### RECORD EXTRACTS

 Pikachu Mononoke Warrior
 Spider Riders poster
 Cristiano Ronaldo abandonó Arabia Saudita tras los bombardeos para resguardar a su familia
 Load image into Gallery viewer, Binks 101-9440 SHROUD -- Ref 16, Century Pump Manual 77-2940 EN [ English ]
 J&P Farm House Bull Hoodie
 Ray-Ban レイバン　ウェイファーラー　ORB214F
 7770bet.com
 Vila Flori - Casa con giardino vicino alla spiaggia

...

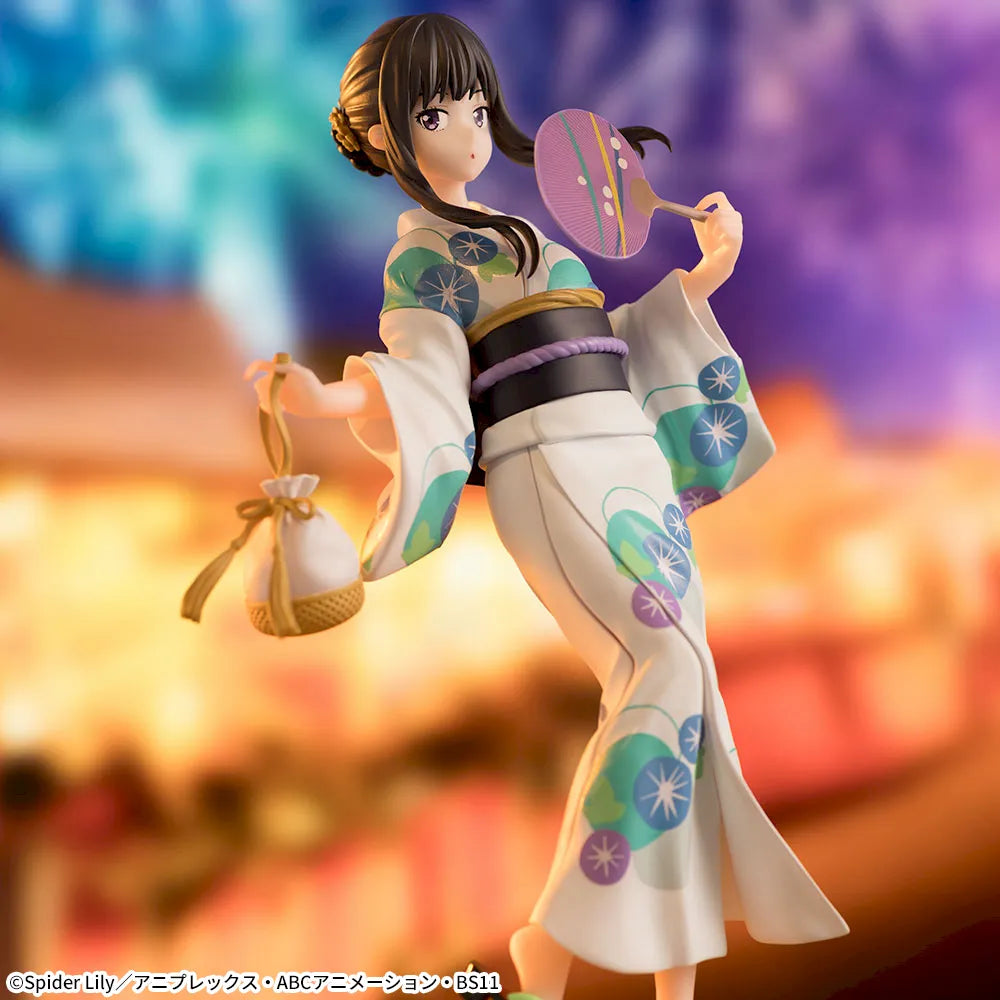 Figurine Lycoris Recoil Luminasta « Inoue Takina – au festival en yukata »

### WHAT YOU WILL DO
The range runs from the line above containing "Pikachu Mononoke Warrior" to the line containing "J&P Farm House Bull Hoodie", inclusive. Restate those lines word for word and no others.

### RESPONSE
 Pikachu Mononoke Warrior
 Spider Riders poster
 Cristiano Ronaldo abandonó Arabia Saudita tras los bombardeos para resguardar a su familia
 Load image into Gallery viewer, Binks 101-9440 SHROUD -- Ref 16, Century Pump Manual 77-2940 EN [ English ]
 J&P Farm House Bull Hoodie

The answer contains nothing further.